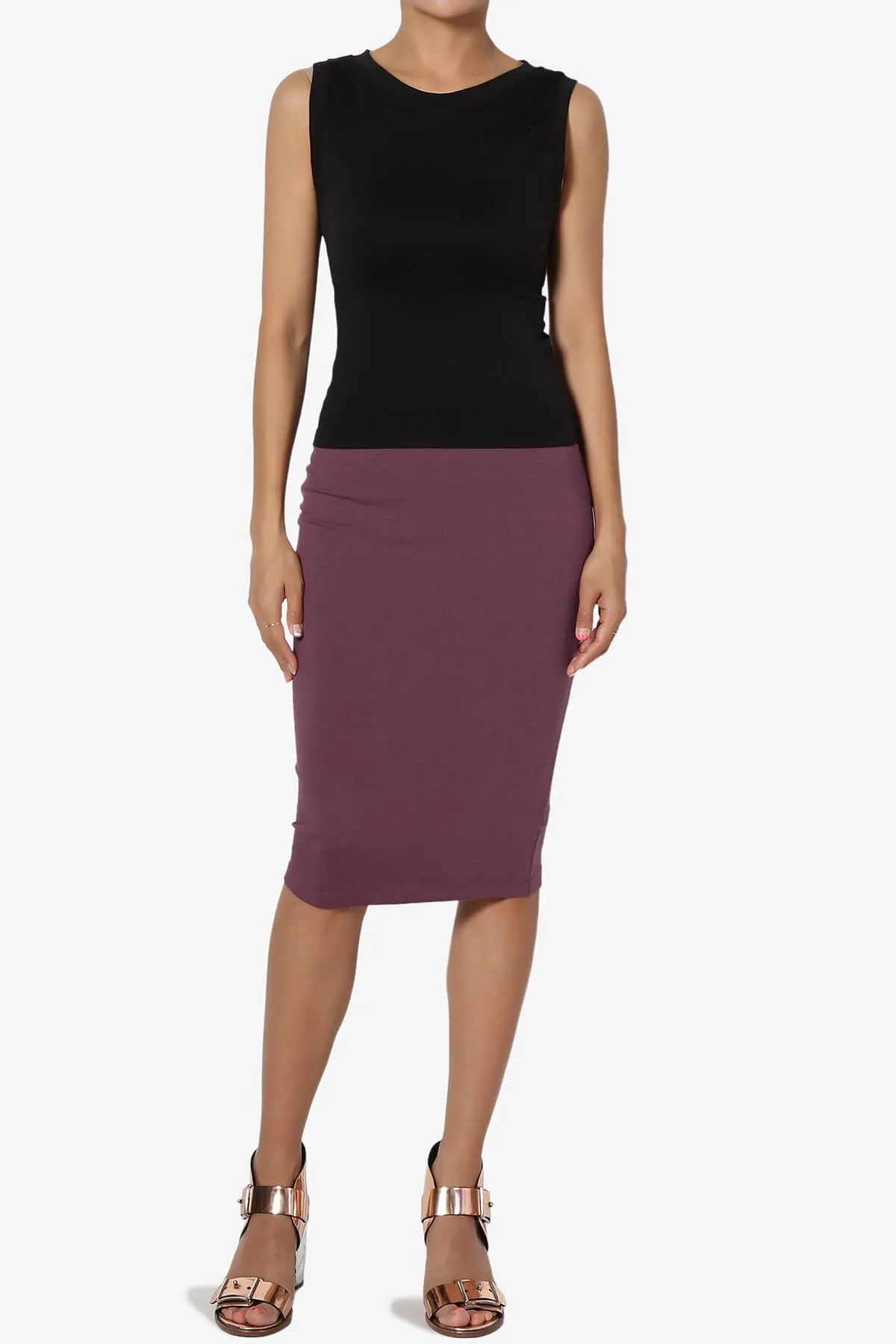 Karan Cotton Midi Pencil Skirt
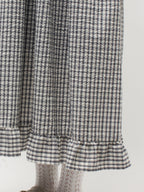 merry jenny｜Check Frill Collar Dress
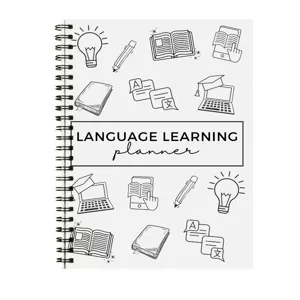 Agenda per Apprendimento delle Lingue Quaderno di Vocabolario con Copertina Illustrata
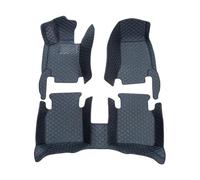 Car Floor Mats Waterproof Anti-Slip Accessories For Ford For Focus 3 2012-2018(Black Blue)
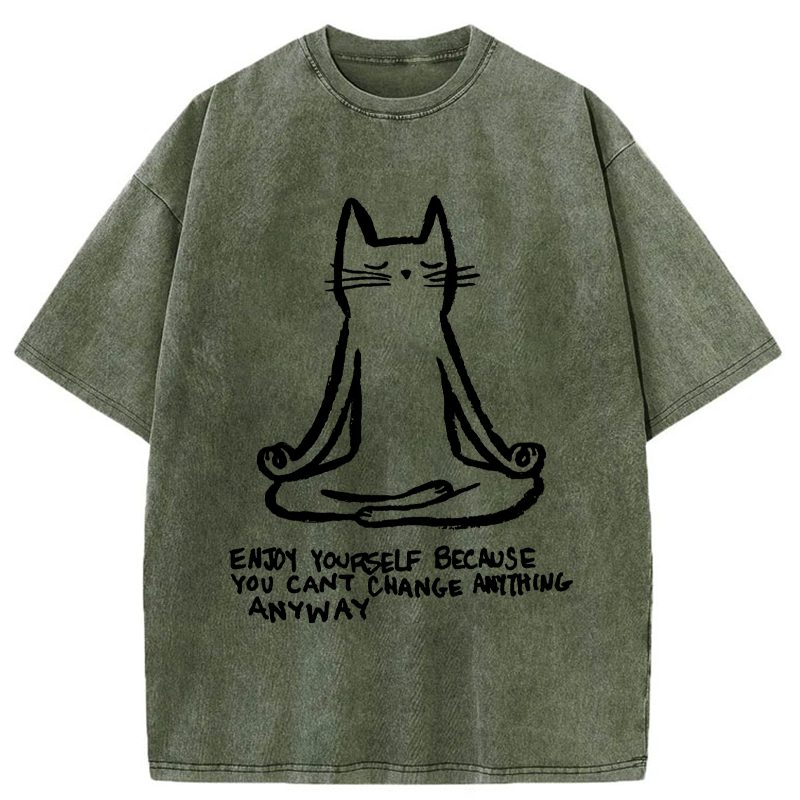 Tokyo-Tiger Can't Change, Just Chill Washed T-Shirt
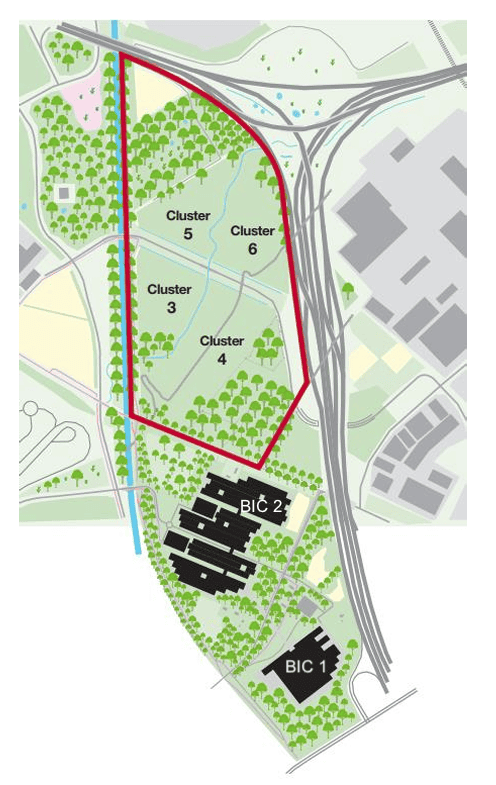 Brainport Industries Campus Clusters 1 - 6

> [TASK REQUIREMENTS]:
Pictures are to be omitted. The lines from the line holding "merry jenny｜Check Frill Collar Dress" through the closing line of the data above are to be set down exactly, and nothing more.

> [ANSWER TO THE EXERCISE]:
 merry jenny｜Check Frill Collar Dress
 Agenda per Apprendimento delle Lingue Quaderno di Vocabolario con Copertina Illustrata
 Car Floor Mats Waterproof Anti-Slip Accessories For Ford For Focus 3 2012-2018(Black Blue)
 Tokyo-Tiger Can't Change, Just Chill Washed T-Shirt
 Brainport Industries Campus Clusters 1 - 6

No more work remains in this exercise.